Diagnostic response headers¶

Sieve attaches a small set of response headers on intercepted /api/chat and /v1/chat/completions requests for operational visibility. These are stable across releases — you can write scripts and monitoring that depends on them.

Header	Meaning
`X-Sieve-Phase`	Progressive-activation phase (`OBSERVE` / `ACCUMULATE` / `ACTIVATE`)
`X-Sieve-Fact-Count`	Facts in the memory store at request time
`X-Sieve-Inbound-Tokens`	Approximate token count of the inbound payload before Sieve's trim
`X-Sieve-Outbound-Tokens`	Approximate token count sent upstream after trim
`X-Sieve-Rounds`	Number of recall-tool iterations (0 = no tool call)
`X-Sieve-Proxy-Us`	Sieve-side wall time in microseconds (excludes upstream LLM time)

When to read them¶

Sanity-checking that Sieve is actually trimming: X-Sieve-Inbound-Tokens vs X-Sieve-Outbound-Tokens shows the reduction per request.
Progressive-activation introspection: X-Sieve-Phase tells you whether Sieve is still in cold-start (OBSERVE/ACCUMULATE) or fully active (ACTIVATE).
Latency attribution: X-Sieve-Proxy-Us measures Sieve's own overhead so you can separate it from upstream model time.

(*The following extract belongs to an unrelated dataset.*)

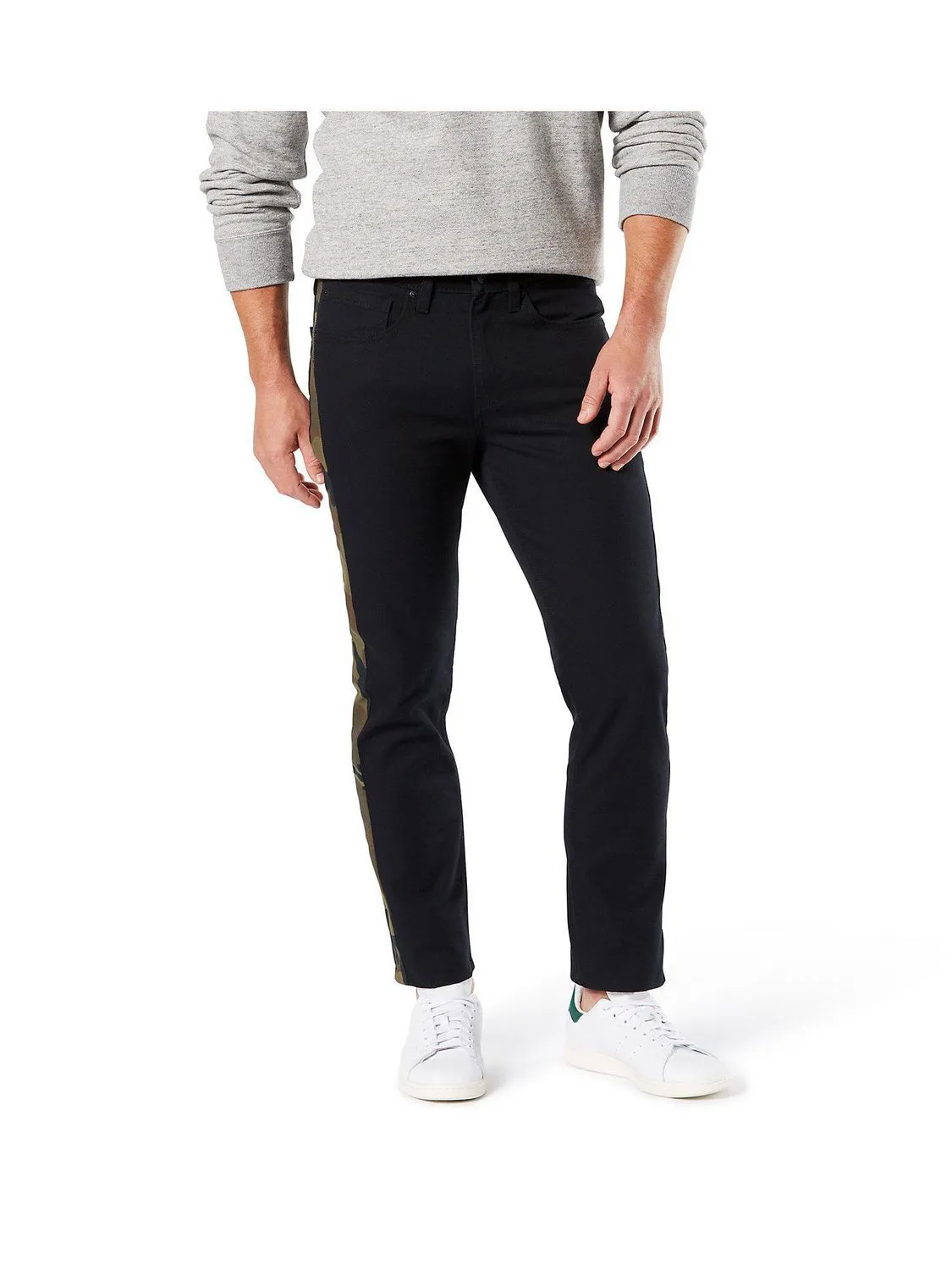 New with tags! Signature by Levi Strauss & Co.™ Men's Camo Stripe Slim, Black! Sz 34X30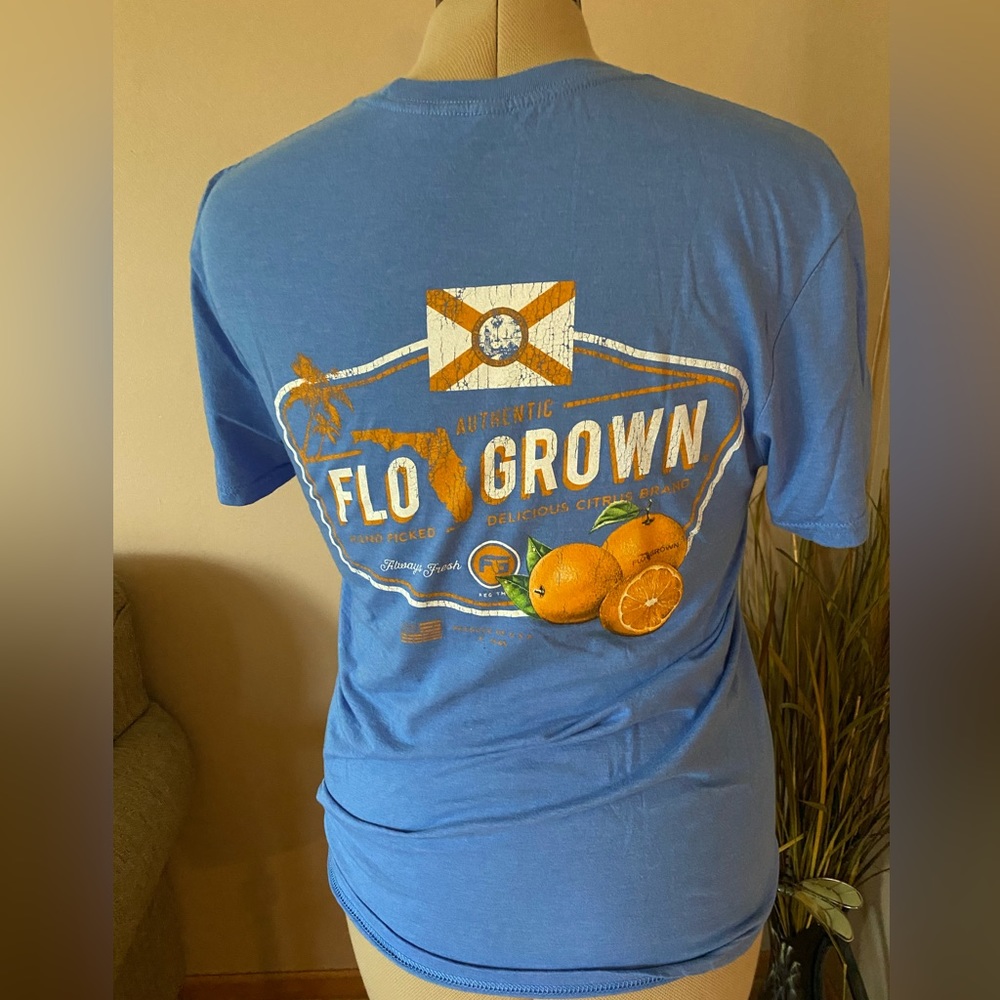 FloGrown Tee T-shirt Top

When to enable deeper telemetry¶

If you need per-request metrics (retrieval precision, writer extraction counts, tool-call breakdowns), enable the built-in validation collector in sieve.yaml:

validation:
  enabled: true
  db_path: ~/.sieve/validation_metrics.db

One SQLite row is written per intercepted request. Default is off — turn it on only when you want the data, since it adds disk writes to the hot path.